Значительный интерес представляет другой этап этого нового соперничества. В тот момент, когда раздор между Базельским собором и папой угрожал перерасти в новый церковный раскол, Франция и Германия воспользовались возможностью заранее заявить о своем нейтралитете в предстоящей борьбе и обозначить свое согласие с теми постановлениями собора, которые обеспечат большую степень независимости для их национальных церквей. Французский поместный собор, состоявшийся в Бурже в 1438 году, признал высший авторитет Вселенских соборов, заявил, что их следует проводить каждые десять лет, постановил, что следует отменить оговорки относительно папских церковных назначений, аннатов и обращений в Рим по обычным вопросам, и принял меры для духовной реформы. В следующем году на соборе в Майнце были приняты очень схожие положения для Германии. Такой результат был, по правде говоря, естественным следствием позиции соборов и общего мнения, которое их поддержало, и, если бы ему удалось настоять на этой позиции и провести долговременные изменения в устройстве церкви, это неизбежно привело бы к формированию независимых самоуправляющихся национальных церквей. Но так или иначе, эта попытка тоже ни к чему не привела[154]
.Это движение за национальную независимость указывает на реальное значение кризиса, через который прошла церковь. Оно представляло серьезнейшую опасность для папства, если рассматривать его с точки зрения исторического развития как церковной власти. Черпая свою силу и жизнь из тех же источников, из которых проистекало великое политическое движение, чью историю мы проследили, фактически вызванное теми же силами, которые создали новые народы, а теперь перешли в сферу церковного правительства, это движение стремилось произвести в нем тот же переворот, который произвело в светских правительствах. Не сознавая хода этих отношений, не сознавая в значительной мере целей, которых оно могло достичь, но со все большей ясностью понимания эта революция угрожала преобразовать римско-католическую монархию столь же полно, как она преобразовала другое грандиозное творение Средневековья — феодализм. Своеобразное положение дел в церкви — Авиньонское пленение и Великий раскол — позволило перевести политические идеи века в церковные идеи. Из-за растущей важности представительной системы соборов и Генеральных штатов в национальных правительствах обращение к Вселенскому собору в делах управления церковью стало казаться совершенно естественным во времена затруднений, особенно юристам и преподавателям университетов, да и даже большинству мирян. Тем, кого непосредственно касалось управление церковью и кто был напрямую заинтересован в ее традициях или предан им, это могло показаться не столь простым и целесообразным. Но мощь движения за реформы исходила не из мира кардиналов и великих прелатов, а из мира университетов и докторов, а также из нецерковного мира.

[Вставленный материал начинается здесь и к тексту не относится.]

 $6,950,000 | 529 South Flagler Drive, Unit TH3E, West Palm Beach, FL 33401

Это движение, по существу, было достаточно сильным, чтобы добиться успеха, и это ему почти удалось. Если бы Констанцский собор дошел до своего завершения благоразумно и организованно, если бы в первые ряды вышел какой-то великий вождь, достаточно сильный, чтобы убедить его членов на время отставить свои местные разногласия ради общего дела и не вмешивать посторонние политические интересы, который мог бы четко определить конкретные меры, необходимые для осуществления политики, безусловно желанной для большинства, он мог бы, вероятнее всего, преуспеть в перестройке церковного управления. И то, что кризис не вывел такого вождя, кажется почти беспрецедентным фактом в истории.

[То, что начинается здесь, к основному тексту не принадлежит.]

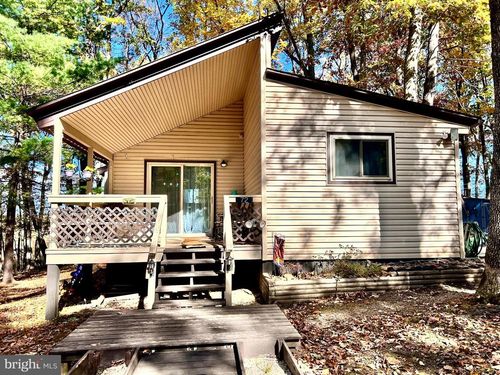 72 Whistler Ln, HEDGESVILLE, WV, 25427-6850 | Card Image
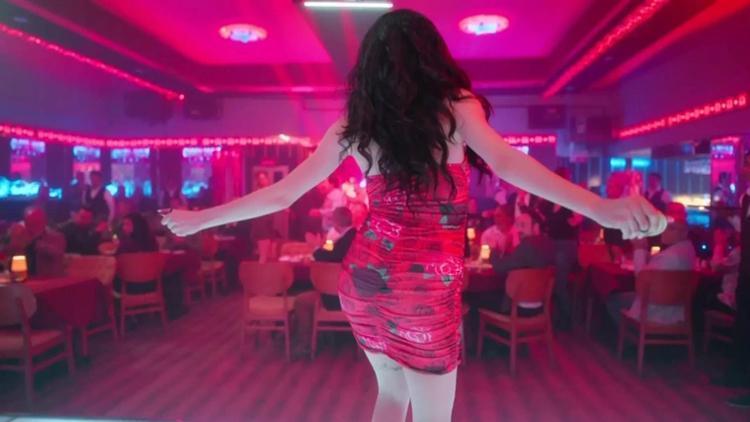 Sincanlı Erkal'ın 'İnci Taneleri' Dizisindeki Performansı ve 'Gemileri Yakarım' Türküsü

Можно возразить, что такая революция была бы слишком внезапной, чтобы произвести долговечную реформу, что лишь те революции по-настоящему успешны, которые являются кульминацией давно подготавливаемых изменений, какими бы внезапными они ни казались. Этот принцип, конечно, верен, но здесь его приложение сомнительно, поскольку подготовка явно прослеживается не в церковном, а в политическом мире.